Had we taken an approach like the approach of the Native Americans and used only what we needed, things might not be as bad as they are now. Let's take a look at what effect electromagnetic radiation has on plants:
The effect of electromagnetic radiation from the Skrunda Radio Location Station on Spirodela polyrhiza (L.) Schleiden cultures
The effect of electromagnetic radiation from the Skrunda Radio Location Station was studied on the vegetative growth and morphology of the duckweed Spirodela polyrhiza (L.) Schleiden plant in the next generation. The impact of plant development stage and length of the exposure period were examined. The effect of short-term (5-day) exposures of Spirodela cultures depended on the stage of development at the time of exposure. Generally, the vegetative reproduction rate was accelerated in the first 20 days after the end of exposure. Exposure of plants just beginning formation lowered the vegetative growth rate. Eighty-eight-hour exposure caused the appearance of some abnormal individuals after 30 days of growth. At 55 days, various morphological and developmental abnormalities appeared in 6–10 daughter plants from 10 exposed mother plants, compared with 0.1 plants per 10 in the control condition. Plants developed completely to daughter fronds under exposure from the electromagnetic field had a shorter life-span (67 days compared to 87 days in the control) and fewer subsequent daughters (total eight compared to 10 in the control group).

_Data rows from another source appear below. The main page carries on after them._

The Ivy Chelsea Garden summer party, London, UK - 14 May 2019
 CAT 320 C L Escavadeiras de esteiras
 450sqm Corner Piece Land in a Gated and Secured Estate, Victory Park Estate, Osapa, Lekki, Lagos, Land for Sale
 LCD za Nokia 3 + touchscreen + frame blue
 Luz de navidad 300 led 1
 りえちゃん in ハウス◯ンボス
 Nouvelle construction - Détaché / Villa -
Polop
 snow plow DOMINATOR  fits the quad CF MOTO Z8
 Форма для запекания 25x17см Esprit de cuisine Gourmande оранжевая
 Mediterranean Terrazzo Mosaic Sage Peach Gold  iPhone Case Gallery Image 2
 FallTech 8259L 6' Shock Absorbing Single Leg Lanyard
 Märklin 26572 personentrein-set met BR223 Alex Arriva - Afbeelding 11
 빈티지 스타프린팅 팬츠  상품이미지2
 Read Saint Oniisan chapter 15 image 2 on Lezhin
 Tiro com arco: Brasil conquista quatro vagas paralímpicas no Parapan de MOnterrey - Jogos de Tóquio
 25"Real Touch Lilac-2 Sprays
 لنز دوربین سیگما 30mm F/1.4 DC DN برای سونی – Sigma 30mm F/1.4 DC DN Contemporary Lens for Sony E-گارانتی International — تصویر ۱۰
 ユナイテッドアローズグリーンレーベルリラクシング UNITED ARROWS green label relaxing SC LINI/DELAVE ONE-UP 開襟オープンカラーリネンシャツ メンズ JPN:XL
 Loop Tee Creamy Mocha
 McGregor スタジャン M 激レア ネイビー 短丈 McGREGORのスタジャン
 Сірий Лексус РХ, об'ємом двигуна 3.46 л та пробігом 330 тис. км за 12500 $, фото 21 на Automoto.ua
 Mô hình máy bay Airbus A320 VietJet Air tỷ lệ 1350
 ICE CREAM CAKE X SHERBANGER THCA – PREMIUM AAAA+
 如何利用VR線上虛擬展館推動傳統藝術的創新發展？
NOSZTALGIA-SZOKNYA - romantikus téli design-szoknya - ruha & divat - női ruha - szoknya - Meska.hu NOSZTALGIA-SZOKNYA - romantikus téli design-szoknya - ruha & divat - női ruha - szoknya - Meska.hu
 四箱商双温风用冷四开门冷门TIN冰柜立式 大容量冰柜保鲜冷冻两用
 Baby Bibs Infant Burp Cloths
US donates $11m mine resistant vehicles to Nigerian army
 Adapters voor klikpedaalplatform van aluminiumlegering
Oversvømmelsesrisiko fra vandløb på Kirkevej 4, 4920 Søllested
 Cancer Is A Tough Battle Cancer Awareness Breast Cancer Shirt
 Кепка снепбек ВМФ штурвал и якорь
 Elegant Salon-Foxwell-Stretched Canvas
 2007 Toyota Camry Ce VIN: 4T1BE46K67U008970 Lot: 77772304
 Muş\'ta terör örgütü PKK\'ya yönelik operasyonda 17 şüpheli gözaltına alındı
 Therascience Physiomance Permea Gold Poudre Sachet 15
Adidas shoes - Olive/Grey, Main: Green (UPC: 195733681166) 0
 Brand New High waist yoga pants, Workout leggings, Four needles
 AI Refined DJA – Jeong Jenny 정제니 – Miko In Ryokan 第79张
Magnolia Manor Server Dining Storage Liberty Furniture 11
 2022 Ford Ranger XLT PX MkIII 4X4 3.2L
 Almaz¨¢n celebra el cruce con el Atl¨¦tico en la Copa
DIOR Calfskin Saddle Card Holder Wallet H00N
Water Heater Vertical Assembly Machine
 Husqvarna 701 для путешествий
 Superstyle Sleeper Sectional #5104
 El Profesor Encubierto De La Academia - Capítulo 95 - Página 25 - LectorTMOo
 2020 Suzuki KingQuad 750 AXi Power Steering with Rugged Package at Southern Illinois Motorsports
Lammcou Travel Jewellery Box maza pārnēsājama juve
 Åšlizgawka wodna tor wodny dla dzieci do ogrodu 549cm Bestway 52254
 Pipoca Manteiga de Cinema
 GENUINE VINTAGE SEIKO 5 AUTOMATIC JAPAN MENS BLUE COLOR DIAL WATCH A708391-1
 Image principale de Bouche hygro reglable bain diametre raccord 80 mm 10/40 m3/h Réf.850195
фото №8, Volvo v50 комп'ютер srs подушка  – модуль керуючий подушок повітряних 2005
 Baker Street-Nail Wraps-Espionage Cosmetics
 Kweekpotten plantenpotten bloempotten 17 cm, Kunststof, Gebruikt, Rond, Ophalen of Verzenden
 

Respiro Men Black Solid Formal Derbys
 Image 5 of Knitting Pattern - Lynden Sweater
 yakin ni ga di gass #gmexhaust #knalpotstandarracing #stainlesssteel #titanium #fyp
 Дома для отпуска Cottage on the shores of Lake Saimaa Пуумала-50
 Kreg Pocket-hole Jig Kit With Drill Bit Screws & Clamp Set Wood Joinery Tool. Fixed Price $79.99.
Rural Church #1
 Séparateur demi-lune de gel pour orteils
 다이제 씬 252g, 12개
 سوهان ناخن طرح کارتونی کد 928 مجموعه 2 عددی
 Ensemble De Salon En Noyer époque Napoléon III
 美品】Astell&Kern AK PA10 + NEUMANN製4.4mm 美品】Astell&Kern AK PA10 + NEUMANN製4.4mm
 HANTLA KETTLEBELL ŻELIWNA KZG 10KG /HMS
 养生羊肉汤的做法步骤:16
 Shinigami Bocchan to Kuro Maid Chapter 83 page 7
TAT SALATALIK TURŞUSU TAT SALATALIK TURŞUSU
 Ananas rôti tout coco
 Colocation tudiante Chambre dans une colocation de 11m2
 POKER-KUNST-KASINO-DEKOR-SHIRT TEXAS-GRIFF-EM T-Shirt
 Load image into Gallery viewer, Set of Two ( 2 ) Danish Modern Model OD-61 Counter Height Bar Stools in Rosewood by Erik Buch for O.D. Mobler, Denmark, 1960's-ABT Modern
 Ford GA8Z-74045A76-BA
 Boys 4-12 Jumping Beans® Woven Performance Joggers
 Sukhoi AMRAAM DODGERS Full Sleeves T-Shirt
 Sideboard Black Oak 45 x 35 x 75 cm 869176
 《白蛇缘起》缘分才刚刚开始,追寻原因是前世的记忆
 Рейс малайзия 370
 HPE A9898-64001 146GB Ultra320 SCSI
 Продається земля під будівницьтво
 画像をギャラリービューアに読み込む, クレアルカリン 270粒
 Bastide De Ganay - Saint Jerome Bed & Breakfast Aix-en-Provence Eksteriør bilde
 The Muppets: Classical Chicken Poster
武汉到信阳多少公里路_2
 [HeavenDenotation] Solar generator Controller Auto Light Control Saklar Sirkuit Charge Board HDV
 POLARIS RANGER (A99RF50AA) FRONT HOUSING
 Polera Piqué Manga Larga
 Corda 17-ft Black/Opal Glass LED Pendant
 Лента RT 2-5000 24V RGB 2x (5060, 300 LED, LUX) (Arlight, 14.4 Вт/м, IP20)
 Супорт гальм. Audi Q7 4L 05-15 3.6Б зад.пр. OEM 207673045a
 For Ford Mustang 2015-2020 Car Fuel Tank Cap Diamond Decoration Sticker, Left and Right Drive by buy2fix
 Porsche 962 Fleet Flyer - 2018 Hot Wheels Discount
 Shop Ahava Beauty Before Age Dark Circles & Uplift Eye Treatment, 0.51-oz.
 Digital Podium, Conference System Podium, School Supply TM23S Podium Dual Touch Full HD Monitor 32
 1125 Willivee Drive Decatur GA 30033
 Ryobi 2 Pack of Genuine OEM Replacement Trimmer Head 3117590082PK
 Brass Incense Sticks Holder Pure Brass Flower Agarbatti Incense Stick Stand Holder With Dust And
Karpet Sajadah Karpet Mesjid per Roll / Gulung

The electro-magnetic field also affects the heat balance of the planet:
Global warming and the hydrologic cycle
Starting with a review of the basic processes that govern greenhouse warming, we have demonstrated that the hydrologic cycle plays a key role in the heat balance of the Earth's surface—atmosphere system. Through the water and other climatic feedbacks, the hydrologic cycle is shown to be a key factor in the climate's evolution as greenhouse gases continue to build up in the atmosphere. This paper examines the current predictive capability of general circulation models linked with macroscale and landscape-scale hydrologic models that simulate regional and local hydrologic regimes under global warming scenarios. Issues concerning hydrologic model calibration and validation in the context of climate change are addressed herein. It is shown that the natural uncertainty in hydrologic regimes in the present climate introduces a signal-to-noise interpretation problem for discerning greenhouse-induced variations in regional hydrologic regimes. Simulations of river basins by means of macroscale hydrologic models nested within general circulation models have been implemented in a few selected cases. From the perspective of water resources management, such simulations, carried out in detail under greenhouse-warming scenarios in midlatitudinal basins of the United States, predict shorter winter seasons, larger winter floods, drier and more frequent summer weather, and overall enhanced and protracted hydrologic variability.
All these predictions point to potentially worsening conditions for flood control, water storage, and water supply in areas of semiarid midlatitudinal climate currently dependent of spring snowmelt. Little information of this type is currently available for other areas of the world. Practice of sound water resources engineering principles ought to be adequate to cope with additional hydrologic uncertainty that might arise from global warming.
Through our commercial driven habits of excess, we may be signing our own death warrant. It may be too late to prevent some major catastrophes for the human race, but changing our ways to less obsessive, compulsive, greedy, and wasteful ways may give future generations a chance for recovery. To continue in our current state of recklessness is to bring certain, eventual doom. Before you make your next purchase, ask yourself, “Do I really need it and is it really worth it?”
Before you join a corporation's fight to deforest, drill for oil, or strip mine for coal, consider not only the impact that it will have on the planet, but upon your own body and the lives of the plants and animals on which you depend for your life.
"Woe to you, teachers of the law and Pharisees, you hypocrites! You travel over land and sea to win a single convert, and when he becomes one, you make him twice as much a son of hell as you are.